> [WHAT IS EXPECTED] Report back every line below that carries the word "Blue".

> [EXCERPTED DATA]
· · ·

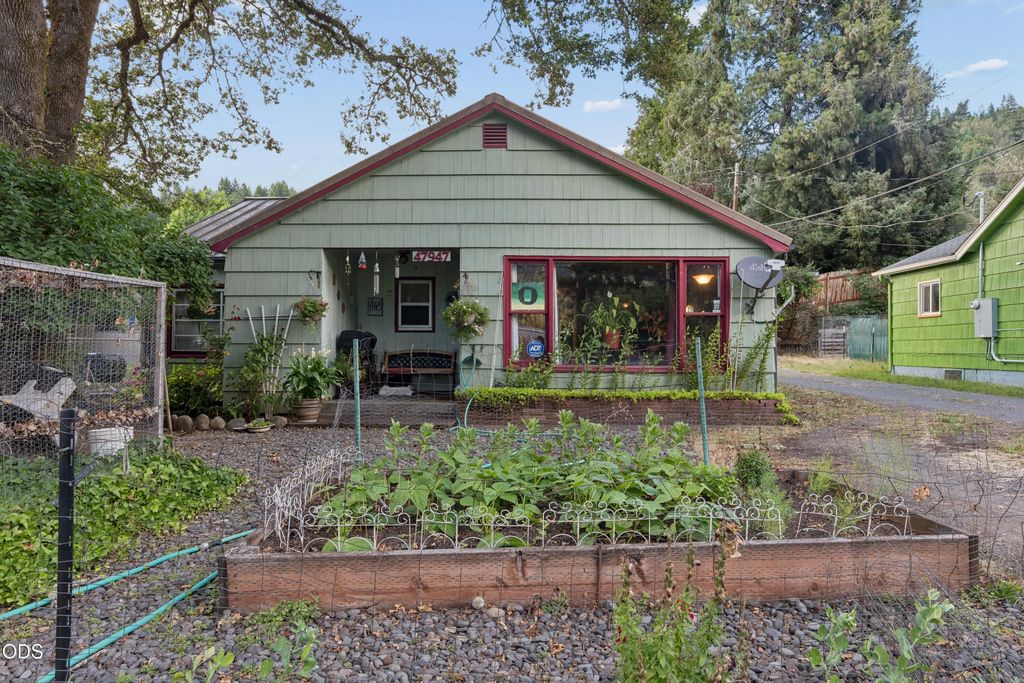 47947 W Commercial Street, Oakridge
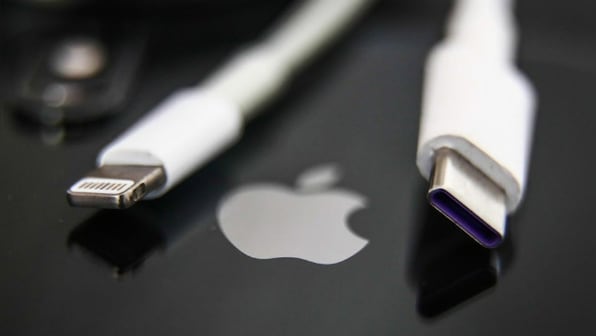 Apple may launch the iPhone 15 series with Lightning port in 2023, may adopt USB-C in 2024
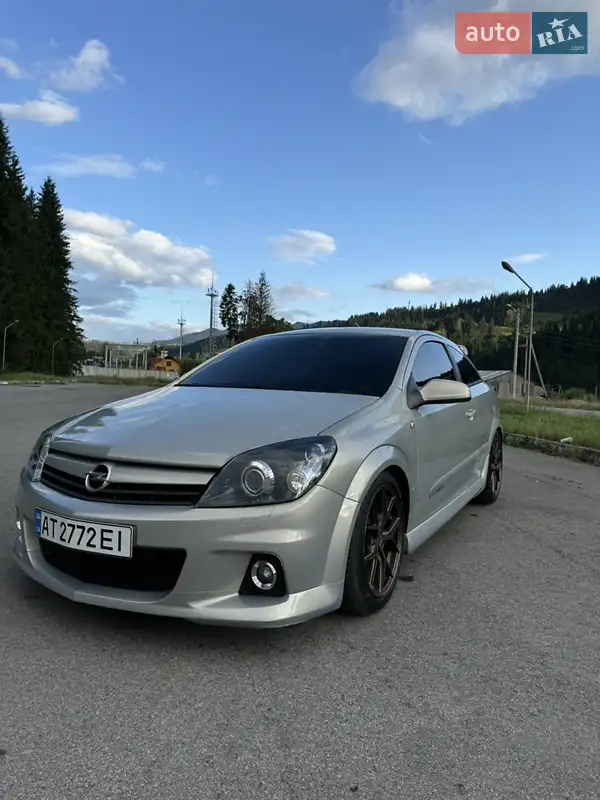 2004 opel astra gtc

· · ·

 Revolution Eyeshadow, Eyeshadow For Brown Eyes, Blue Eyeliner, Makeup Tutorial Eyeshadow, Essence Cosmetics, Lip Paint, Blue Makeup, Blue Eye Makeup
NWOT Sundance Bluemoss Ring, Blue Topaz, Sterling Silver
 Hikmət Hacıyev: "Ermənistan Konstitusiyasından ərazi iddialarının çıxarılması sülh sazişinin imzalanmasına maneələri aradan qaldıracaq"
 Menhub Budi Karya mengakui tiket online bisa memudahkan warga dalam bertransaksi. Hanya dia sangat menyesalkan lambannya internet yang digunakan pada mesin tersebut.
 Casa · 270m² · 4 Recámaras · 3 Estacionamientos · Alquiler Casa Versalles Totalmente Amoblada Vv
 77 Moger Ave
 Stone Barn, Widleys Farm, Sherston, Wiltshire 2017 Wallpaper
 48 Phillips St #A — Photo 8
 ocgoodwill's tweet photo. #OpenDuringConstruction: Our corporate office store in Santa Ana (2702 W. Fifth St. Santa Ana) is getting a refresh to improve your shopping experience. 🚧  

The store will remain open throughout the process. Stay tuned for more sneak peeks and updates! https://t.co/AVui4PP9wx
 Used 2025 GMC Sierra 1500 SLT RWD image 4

· · ·

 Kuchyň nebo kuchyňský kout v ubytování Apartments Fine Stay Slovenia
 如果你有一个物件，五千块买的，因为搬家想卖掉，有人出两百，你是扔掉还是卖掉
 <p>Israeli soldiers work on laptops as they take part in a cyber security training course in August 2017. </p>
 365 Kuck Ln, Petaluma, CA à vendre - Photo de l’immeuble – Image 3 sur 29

· · ·

> [THE ANSWER]
 Revolution Eyeshadow, Eyeshadow For Brown Eyes, Blue Eyeliner, Makeup Tutorial Eyeshadow, Essence Cosmetics, Lip Paint, Blue Makeup, Blue Eye Makeup
NWOT Sundance Bluemoss Ring, Blue Topaz, Sterling Silver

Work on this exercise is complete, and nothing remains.